朱 棠,童江寧
(湖南科技大學外國語學院,湖南湘潭411201)
筆者于先行論文中運用社會語言學理論對日本禮儀中“誕生”、“婚嫁”、“死亡”等三個階段的忌諱語進行了一定的探討,但先行研究并未涉及它們在現代日本人日常生活中的使用狀況,對它們進行一定的掌握是非常有必要的。
此調查于2006年12月-2007年4月實施。著重考察前述三個階段中的忌諱語在日本的使用現狀,所以受試者均為日籍日本人,除個別受試者短期就職于中國外,其余均在日本。受試者無年齡、學歷、地域的限制,但因占卜師及從事宗教行業之人由于職業關系有回避禁忌語、使用委婉語的習慣,所以不納入受試者范圍內。調查共收回問卷390份,其中有效問卷371份,有效率為95%。受試者地域北起北海道南至九州,受試者的個人因素分布情況等見表1。
本研究的工具是自編問卷,問卷內容包括7個部分:受試者個人信息,對忌諱語一詞的認知度,受試者受提醒的來源,對忌諱語的意識度,三大禮儀場合下忌諱語的使用現狀,受試者獲取忌諱語的方式及忌諱語對受試者日常生活的影響程度,影響忌諱語的因素及對忌諱語趨勢的預測等。

表1 受試者年齡、性別、職業分布
利用郵件的形式將問卷發送至日籍友人、老師等,請他們及他們的親朋好友、學生或同事等認真填寫,最后將問卷郵寄給筆者。
利用統計分析法對數據進行分類,通過office辦公軟件及儀器精確計算其所占百分比,然后根據數據分析內在因素等。
本次調查設置的問題視情況而選項不一[1],選項多的題項著重分析受試者選擇相對多的選項。接下來通過具體分析所獲取的調查結果,詳細探討現代日本禮儀中忌諱語的使用現狀。

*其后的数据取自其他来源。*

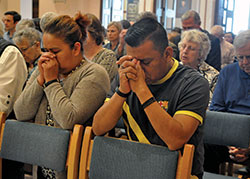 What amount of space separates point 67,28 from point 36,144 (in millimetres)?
625

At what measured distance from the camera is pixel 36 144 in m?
1.95

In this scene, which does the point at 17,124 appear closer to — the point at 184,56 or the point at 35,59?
the point at 35,59

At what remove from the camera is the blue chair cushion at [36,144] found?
1.88 metres

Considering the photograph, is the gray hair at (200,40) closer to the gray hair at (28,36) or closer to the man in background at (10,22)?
the gray hair at (28,36)

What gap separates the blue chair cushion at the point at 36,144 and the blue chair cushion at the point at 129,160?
0.21 metres

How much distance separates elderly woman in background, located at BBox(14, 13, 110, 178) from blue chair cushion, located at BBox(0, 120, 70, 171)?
89 millimetres

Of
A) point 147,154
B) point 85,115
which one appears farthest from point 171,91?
point 85,115

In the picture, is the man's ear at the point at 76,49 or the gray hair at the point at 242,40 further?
the gray hair at the point at 242,40

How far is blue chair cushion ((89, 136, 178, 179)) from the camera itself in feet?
5.25

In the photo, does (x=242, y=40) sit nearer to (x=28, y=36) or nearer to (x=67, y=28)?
(x=67, y=28)

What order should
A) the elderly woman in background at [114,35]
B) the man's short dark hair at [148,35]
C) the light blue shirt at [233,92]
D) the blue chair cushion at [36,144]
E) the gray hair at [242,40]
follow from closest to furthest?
the man's short dark hair at [148,35] → the blue chair cushion at [36,144] → the gray hair at [242,40] → the light blue shirt at [233,92] → the elderly woman in background at [114,35]

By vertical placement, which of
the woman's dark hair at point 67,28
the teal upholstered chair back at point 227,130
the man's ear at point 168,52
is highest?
the woman's dark hair at point 67,28

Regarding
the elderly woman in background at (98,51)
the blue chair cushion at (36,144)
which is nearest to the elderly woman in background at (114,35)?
the elderly woman in background at (98,51)

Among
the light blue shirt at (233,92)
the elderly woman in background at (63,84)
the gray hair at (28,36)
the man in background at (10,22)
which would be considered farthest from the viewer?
the man in background at (10,22) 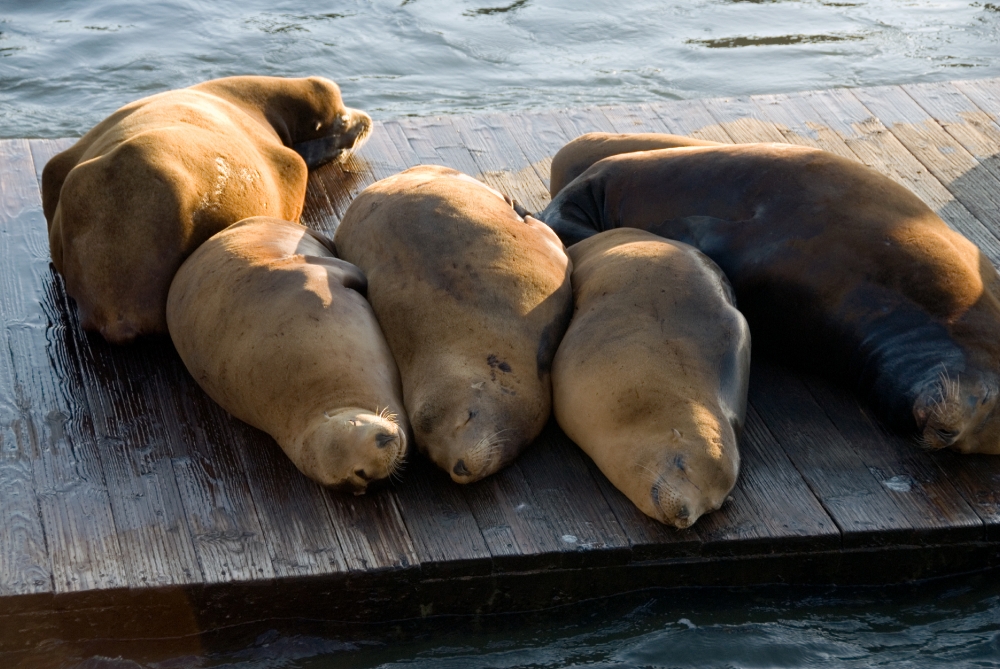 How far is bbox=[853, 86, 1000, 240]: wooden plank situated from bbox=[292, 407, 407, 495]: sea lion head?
10.5 ft

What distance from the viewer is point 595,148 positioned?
208 inches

忌諱語是指“因具有不吉利的意思或容易使人產生不吉利的聯想而被避免使用的詞語;或替代前文時所用的詞語。”[2]

表2 日本禮儀中忌諱語使用現狀的調查結果
從有效問卷來看,受試者中四成有余的人選擇了“聽說過且清楚含義”,近四成人選擇了“聽說過但含義模糊”,而只有兩成人選擇了“沒聽說過”。從年齡層來看,年齡往下則對此詞的認知度越低,反之則越高。從常識來看,年齡層低的人群基本是從書本或他人那里獲得此詞的信息,但缺乏實際體驗,而年齡層越高參加社會性的人生禮儀活動的頻率越多,所以對此詞的理解越深刻。總之,現代日本人對忌諱語的認知度并不低。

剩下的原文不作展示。